Freud et la télépathie

L’attitude de Freud vis à vis des phénomènes paranormaux est passée par trois phases. Jusqu’en 1910, il affiche un scepticisme total. Mais, à partir de cette date, il change d’opinion. Sous l’influence de Jung et de Ferenczi, il en vient à accepter l’idée d’un noyau de vérité des faits dits occultes, qui serait constitué par la télépathie, tous les autres phénomènes allégués relevant de projections de l’inconscient.


Mais cette évolution n’est pas rendue publique et il ne publie rien sur cette question. La troisième phase débute en 1921. A partir de cette date Freud a acquis la certitude de la réalité de la télépathie, au point de s’engager publiquement. Ainsi, cette année là, il écrit à Carrington cette déclaration surprenante :

« Si je me trouvais au début de ma carrière scientifique au lieu d’être à sa fin, je ne choisirais peut-être pas d’autre domaine de recherches, en dépit de toutes les difficultés qu’il représente. » (Correspondance, 1873-1939, Gallimard,1966, p. 364)

Son évolution est donc comparable à celle d’un magnétiseur comme Deleuze : l’incrédulité initiale fait peu à peu la place à une conviction profonde, tempérée par une réserve tactique. Mais Freud, à la différence des maîtres du magnétisme, ne se déprendra jamais de cette réserve ; toujours, il freinera l’enthousiasme de ses disciples, et notamment celui de Ferenczi.

C’est que l' »occulte », même réduit au noyau rationnel de la télépathie, tout en l’attirant, lui fait peur, pour des raisons à la fois théoriques et tactiques. Pour des raisons théoriques, car la transmission de pensée excède ses conceptions et menace sa pratique, malgré le modèle, purement métaphorique, de la radio mentale. Pour des raisons tactiques, car il sait qu’il joue avec le Zeitgeist une partie difficile, et que l’irruption de la métapsychique dans son jeu risque de tout faire avorter. A vouloir se saisir publiquement de la télépathie, la psychanalyse risque de ruiner tout le crédit qu’elle a péniblement acquis dans le monde intellectuel. Introduire la télépathie parmi les objets de la psychanalyse, ce serait permettre le retour de l’occulte au sein même du mouvement, et favoriser des tendances schismatiques déjà manifestées par Jung et Ferenczi. Ce serait aussi fournir aux dogmatiques qui refusent l’idée d’inconscient une occasion supplémentaire de rejeter la psychanalyse.

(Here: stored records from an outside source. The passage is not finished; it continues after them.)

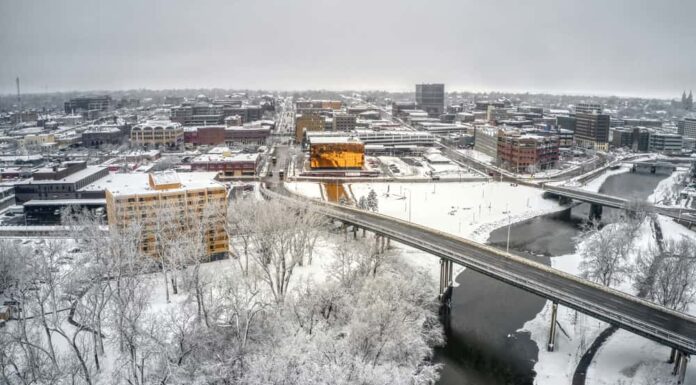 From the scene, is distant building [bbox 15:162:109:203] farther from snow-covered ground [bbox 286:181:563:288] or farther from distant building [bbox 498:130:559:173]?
distant building [bbox 498:130:559:173]

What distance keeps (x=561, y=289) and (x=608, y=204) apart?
3837 centimetres

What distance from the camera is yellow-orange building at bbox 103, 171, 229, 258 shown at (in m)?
44.4

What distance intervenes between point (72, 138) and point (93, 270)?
112513mm

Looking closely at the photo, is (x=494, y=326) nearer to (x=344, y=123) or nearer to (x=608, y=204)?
(x=608, y=204)

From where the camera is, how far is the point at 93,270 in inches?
1356

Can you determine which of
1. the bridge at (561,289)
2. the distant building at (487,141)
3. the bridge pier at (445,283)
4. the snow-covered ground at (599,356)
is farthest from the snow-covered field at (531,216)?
the distant building at (487,141)

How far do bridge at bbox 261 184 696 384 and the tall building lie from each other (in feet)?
331

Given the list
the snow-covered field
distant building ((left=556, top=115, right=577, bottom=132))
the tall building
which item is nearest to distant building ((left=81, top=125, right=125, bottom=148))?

La pièce de Tobie Nathan et d’Isabelle Stengers La damnation de Freud nous montre avec justesse et humour un Freud attiré par ces enjeux, balloté entre Jones et Ferenczi, et finalement arbitrant en faveur du rationaliste Jones au nom de la raison d’Etat. De fait, Freud optera pour une solution de compromis : il s’intéressera à la transmission de pensée avec discrétion, en tant qu’elle manifeste le travail du rêve, et, finalement, il ne lui donnera dans son édifice qu’un rôle marginal, sans rapport avec les enjeux théoriques qu’elle entraîne. Et, comme il s’en est ouvert à Jung, il concevra sa doctrine comme un barrage contre « le flot noir de l’occultisme ».

Mais, tout en faisant barrage contre l’occulte, il n’en désirera pas moins être celui par qui le scandale arrive, celui qui introduit dans la raison une subversion nouvelle. D’où son ambivalence à l’égard de la métapsychique, considérée tout à la fois comme le modèle de la démarche subversive, et ce contre quoi il faut protéger la raison.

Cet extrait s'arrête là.